If you receive a gift you don't like, do your best to suspend your initial reaction of 'what is this?' Repeat back the gift to the giver as a way to build a delay to your initial emotional response.
For example, 'A wreath made from straws... What an interesting concept,' Alpert says.
Focus on the person's thoughtfulness rather than his or her choice in gift. Remember what your mom taught you: It's the thought that counts.
'Sometimes this holds truer than others -- this is one of those times,' Alpert says. 'So, you might say something like, 'It is really nice of you to think of me.' Or, 'I really appreciate you taking the time to get me a gift.''
Try to find something positive about the item.

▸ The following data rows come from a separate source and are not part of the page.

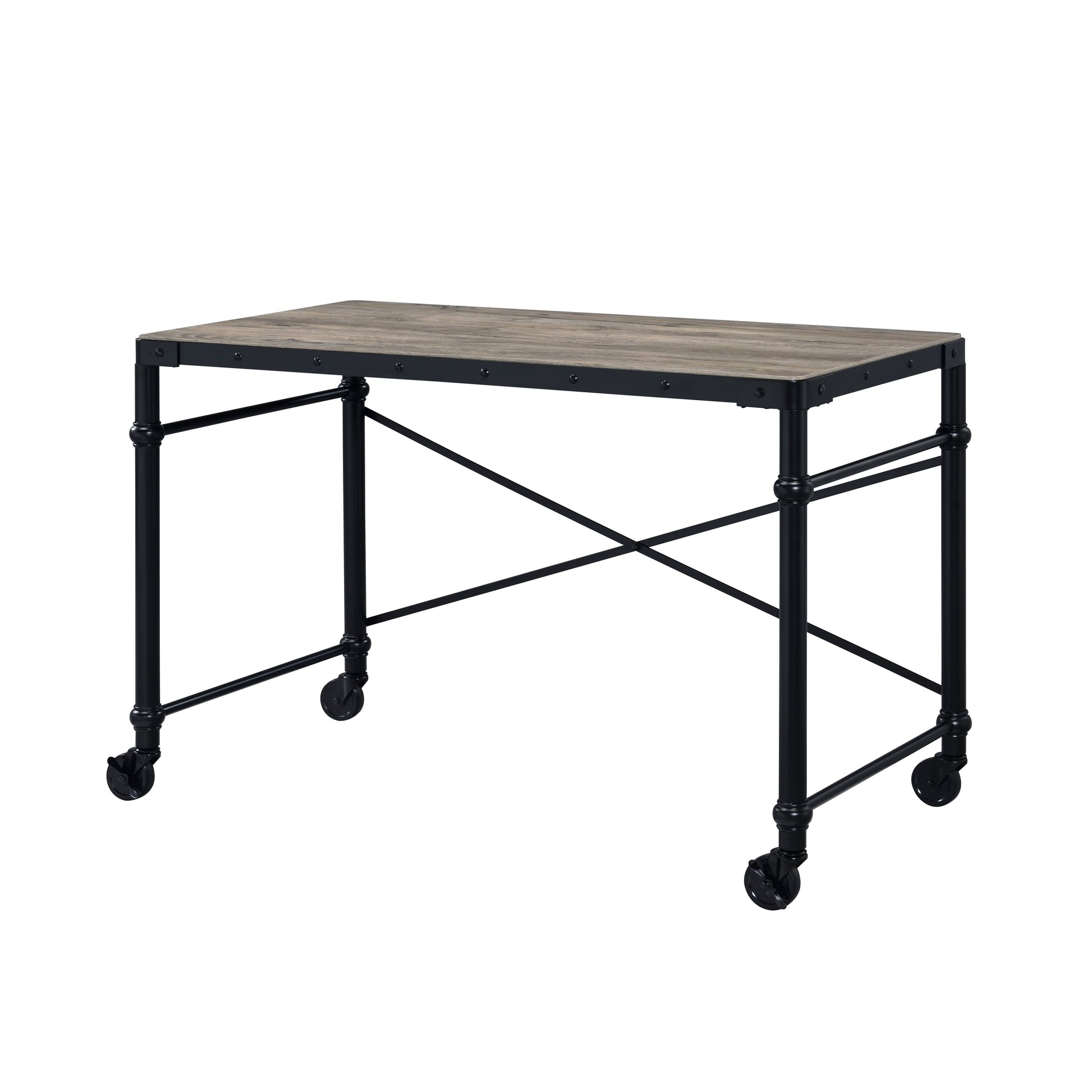 Oklarth Rustic Oak & Black Finish Writing Desk Black,Oak Metal,Synthetic Wood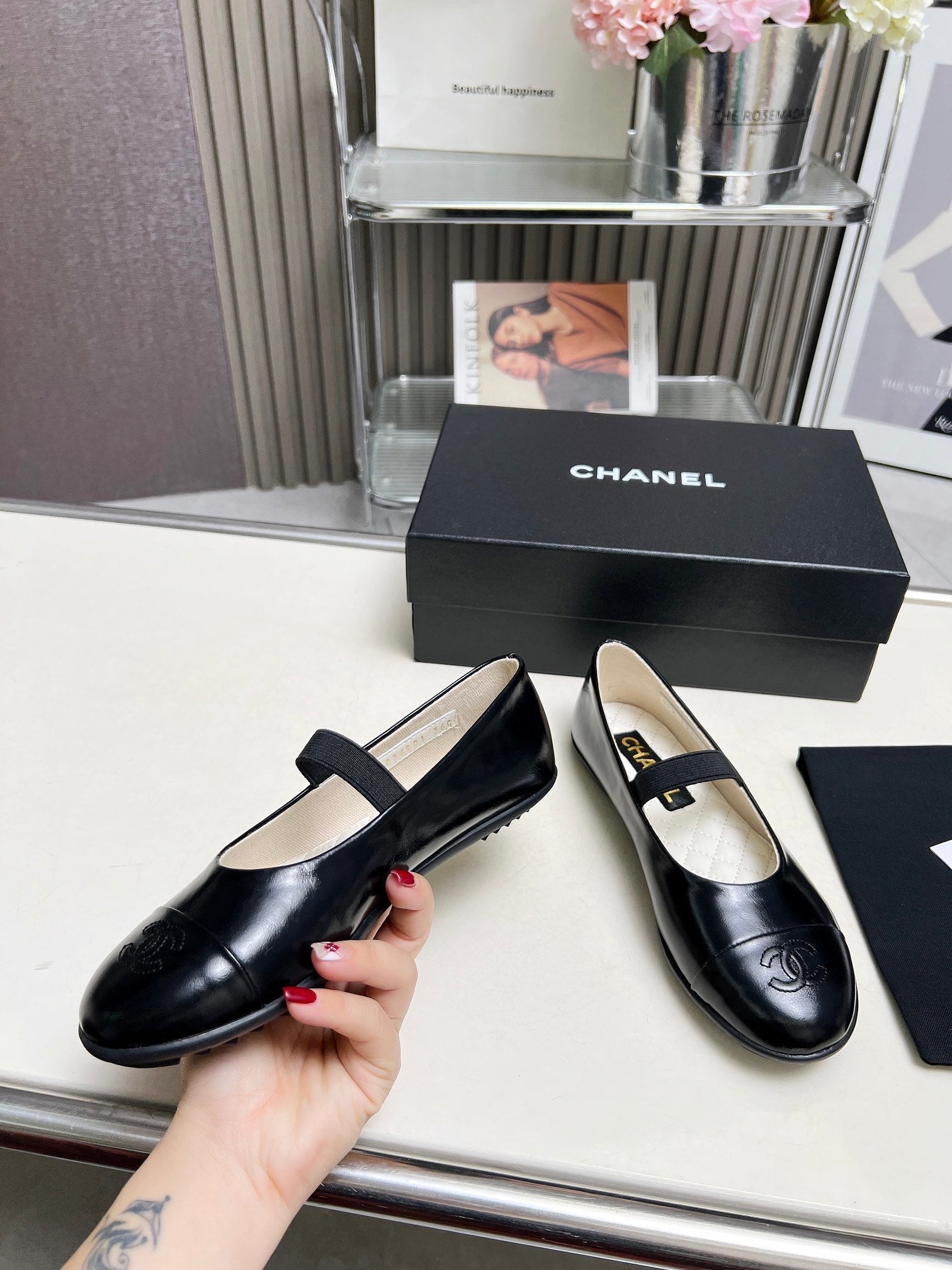CHANEL 26S MARY JANE FLATS IN BLACK CALFSKIN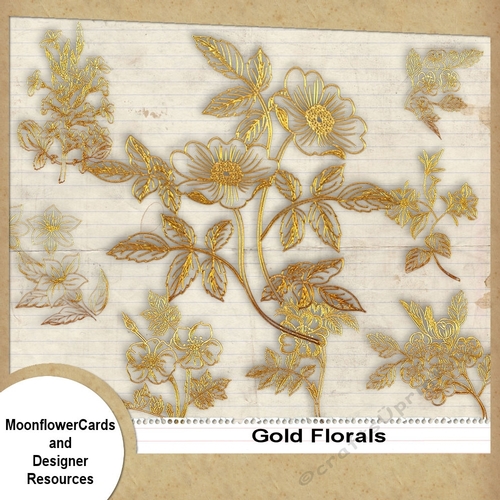 Gold Shimmering Florals 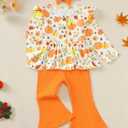 Toddler Baby Girl Clothes Fall/Winter Girls Outfits Ruffle Long Sleeve Tops Floral Flared Pants Girls' Clothing Sets (2-3T, Thanksgiving Day Yellow)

If you receive a really ugly wool sweater, for example, Alpert suggests focusing on the warm part. Say something like, 'This sweater looks really warm and will come in handy this winter.'
Be brief, say thank you and move on by directing a question at the gift giver. Dwelling on the gift will only encourage conversation about it, Alpert says.
A good response is something like, 'Thank you so much for thinking of me. How are your holiday plans coming along?'
After some time has passed, feel free to exchange or donate the gift, or give it to someone who might appreciate it more than you do. Just make sure that person doesn't have contact with the original gift giver.
Especially when it comes to clothing or extremely personal items, it's common for the receiver to not like the gift. If you have doubts that the person will like the gift you bought, provide a gift receipt. Let him or her know you weren't entirely sure about the color or fit so you have enclosed a gift receipt. This helps to eliminate that awkward moment for both people, Alpert says.